Subsystem: Phd-Doc, YdcE-YdcD toxin-antitoxin (programmed cell death) systems

This subsystem's description is:

Programmed cell death can be mediated through "addiction modules" consisting of two genes; the product of the second gene is long lived and toxic, whereas the product of the first is short lived and antagonizes the lethal action of the toxin.
P1 lysogens of Escherichia coli carry the prophage as a stable low copy number plasmid, which is ensured by a plasmid-encoded mechanism that causes death of cells that have lost P1. The lysogenic cells appear to be "addicted" to the presence of the prophage.
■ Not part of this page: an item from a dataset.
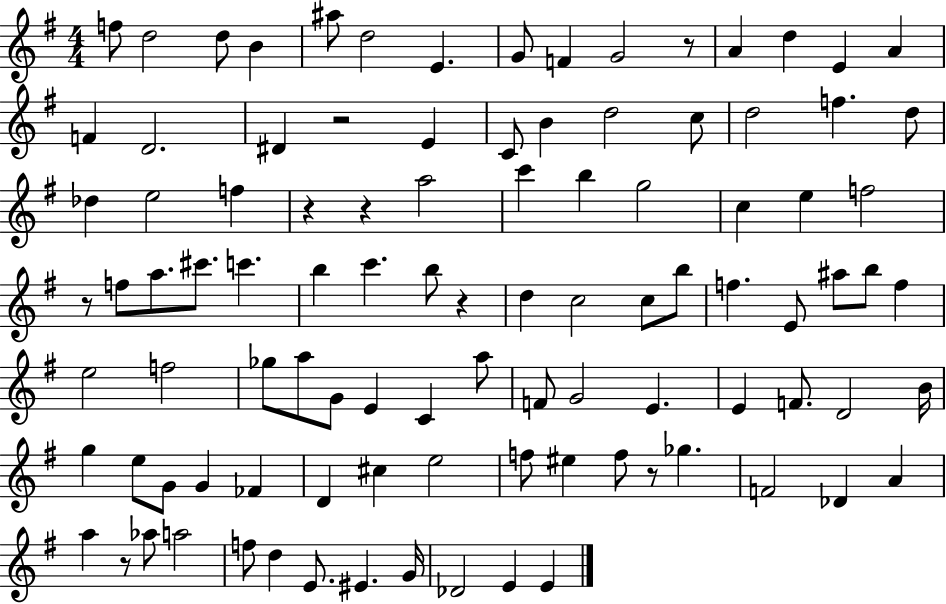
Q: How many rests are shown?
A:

The "plasmid addiction system" of bacteriophage P1 consists of two proteins: a stable toxin known as Doc (death on cure) and an unstable antidote named Phd (prevent host death).
Phd prevents the lethal action of Doc by forming a tight complex with it. The toxin Doc hosts the C-terminal domain of its antitoxin partner Phd through fold complementation. Phd folds into an {alpha}-helix upon binding to Doc. The complex resembles the Fic (filamentation induced by cAMP) proteins.
Free Phd is degraded by the serine protease ClpPX. The cellular target of Doc seems to be a step in protein synthesis.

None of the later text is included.